In the UK for example, we are now only about 60pc self-sufficient in beef and our imports have risen to nearly 200,000 tonnes for the first nine months of the year compared to 161,000 tonnes in the same period in 2002.

France's situation is just as bad and their beef imports have risen by 19pc as well.

As a comment, I would suggest that those who enthusiastically enforce some of the sadistic edicts emanating from Brussels should remember that eventually they are going to run out of customers on which to prey.

A lot of our small farmer customers have already got fed up with being treated like criminals and have abandoned beef production altogether.

Instead, all those people who see our countryside as a garden and seek to over-control the treatment of our animals should remember the number of food miles that will be required to get the beef on their plate from Brazil.

With sterling in strong demand, the less-developed world is keen to get hold of hard currency and will undercut the British product to achieve this.

Currently, Brazilian rumps of beef are being floated at around £1.35/lb and legs of foreign pork are down to 80p/lb.

If you want to eat British this Christmas, make sure you look at the small print on the label.

Our well-travelled correspondent from Whenby has found a columnist in the Hampshire Chronicle, who has a similar mission to the Gazette & Herald, and one of his articles recently centred on the rising consumption of venison in this country.

Once it was the meat of kings, eaten only by we peasants if we were rash enough to risk a hanging by poaching them.

Today, the quality of farm venison is rapidly gaining for itself a reputation on the best restaurant tables and interestingly enough much of it is slaughtered at Elmhirst's abattoir at Barnsley. There is plenty of grazing surrounding the abattoir where the stock can recover from the stress of travel.

Carcasses are graded on the same basis as cattle, using the EUROP grid and payment is based upon quality.

Most of the meat is sold to supermarkets through a packing plant in North Yorkshire, although there is still some local trade to pubs and restaurants.

To those like myself who are ignorant of the economics of venison, finished red deer are worth around £3/kilo deadweight, sometimes with a 50p premium for local sales.

The biggest expense is new fencing, which needs to be over 6ft high in order to keep the herd within range.

It could be an interesting diversification to consider.

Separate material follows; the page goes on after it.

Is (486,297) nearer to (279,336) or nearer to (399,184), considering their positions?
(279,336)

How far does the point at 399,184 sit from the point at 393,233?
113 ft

Pigs are one of the casualties at Malton in the aftermarth of FMD and we no longer sell them in the market.

However, at York, we have managed to continue with the condition, even if numbers are but a shadow of their former bulk and on Monday it was the Christmas show, where 335 turned up to trot out for the prizes.

The winner of the championship was Len Otterburn, from Tollerton, whose cutter pigs went on to make a 152p a kilo, all being bought by a local West Riding butcher, Aidan Roberts.

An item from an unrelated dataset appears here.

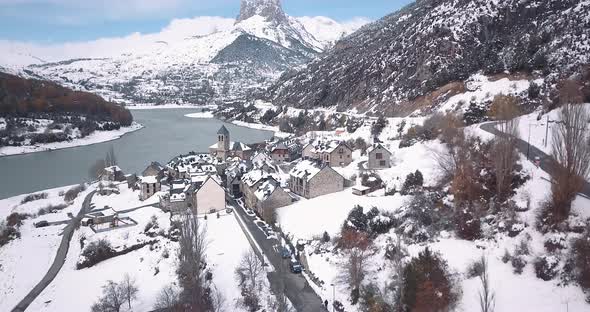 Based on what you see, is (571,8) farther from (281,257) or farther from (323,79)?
(323,79)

Len also took the lightweight pork class with a pen that made 130p a kilo. For those so interested in having a few pigs to sell on the spot market, trade overall was pretty healthy and we had an average of around 95p per kilo through the market.

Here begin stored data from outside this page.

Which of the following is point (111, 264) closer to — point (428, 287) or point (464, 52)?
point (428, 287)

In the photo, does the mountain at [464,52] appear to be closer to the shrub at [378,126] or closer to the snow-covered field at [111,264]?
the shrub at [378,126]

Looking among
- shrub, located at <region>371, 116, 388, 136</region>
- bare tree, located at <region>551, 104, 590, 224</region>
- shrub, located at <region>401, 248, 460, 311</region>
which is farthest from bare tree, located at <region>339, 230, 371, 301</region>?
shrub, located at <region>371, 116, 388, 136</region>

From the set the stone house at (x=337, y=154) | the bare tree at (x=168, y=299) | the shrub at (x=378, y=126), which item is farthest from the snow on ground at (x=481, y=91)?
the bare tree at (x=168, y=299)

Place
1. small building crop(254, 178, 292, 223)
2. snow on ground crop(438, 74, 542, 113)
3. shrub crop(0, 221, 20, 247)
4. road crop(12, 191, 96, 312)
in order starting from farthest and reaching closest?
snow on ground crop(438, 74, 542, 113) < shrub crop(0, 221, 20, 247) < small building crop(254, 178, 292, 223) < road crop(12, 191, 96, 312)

Forward were 152 cattle, including 30 cows and 39 bulls, 462 sheep including 108 ewes.

Light steers to 110p (J A B Barker, Snainton), average 104.8p. Medium steers to 100p (J B and K Lunn, Wilton ), average 95.6p. Medium bulls to 118p (P M Allen , Great Barugh), average 99.4p. Heavy bulls to 114p (P and I Beal, Settrington), average 97.5p. Black and white bulls to 89p (P M Allen, Great Barugh), average 83.2p. Light heifers to 135p (G I Marwood, Harome), average 104.3p. Heavy heifers to 143p (G I Marwood, Harome), average 109.3p. Standard lambs to 110p (A Gofton, East Heslerton), average 108.1p. Medium lambs to 121.4p (A M Avison, Black Bull), average 114.3p. Heavy lambs to 113.8p (N and J Helliwell, Great Edstone), average 108.4p. Overweight lambs to 103.7p (E W Stead, Lockton), average 101p. Ewes to £67 (Ian Davison, Lebberston ), average £44.60.

Finally a special thanks to all those who donated to the charity box at the Christmas fatstock show. £161 was raised and donated to the Macmillan Cancer Trust.